* Material provided
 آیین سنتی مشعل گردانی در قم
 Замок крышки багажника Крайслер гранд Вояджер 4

==

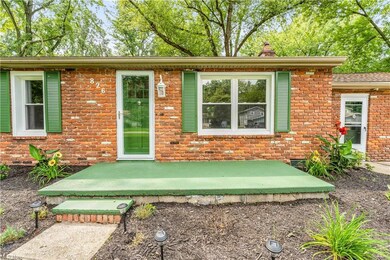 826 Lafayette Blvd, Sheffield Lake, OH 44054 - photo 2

* Instructions to follow
Only the lines above starting with the one with "آیین سنتی مشعل گردانی در قم" and going through the one with "Замок крышки багажника" are to be copied, word for word and with both ends kept.

* Finished task
 آیین سنتی مشعل گردانی در قم
 Замок крышки багажника Крайслер гранд Вояджер 4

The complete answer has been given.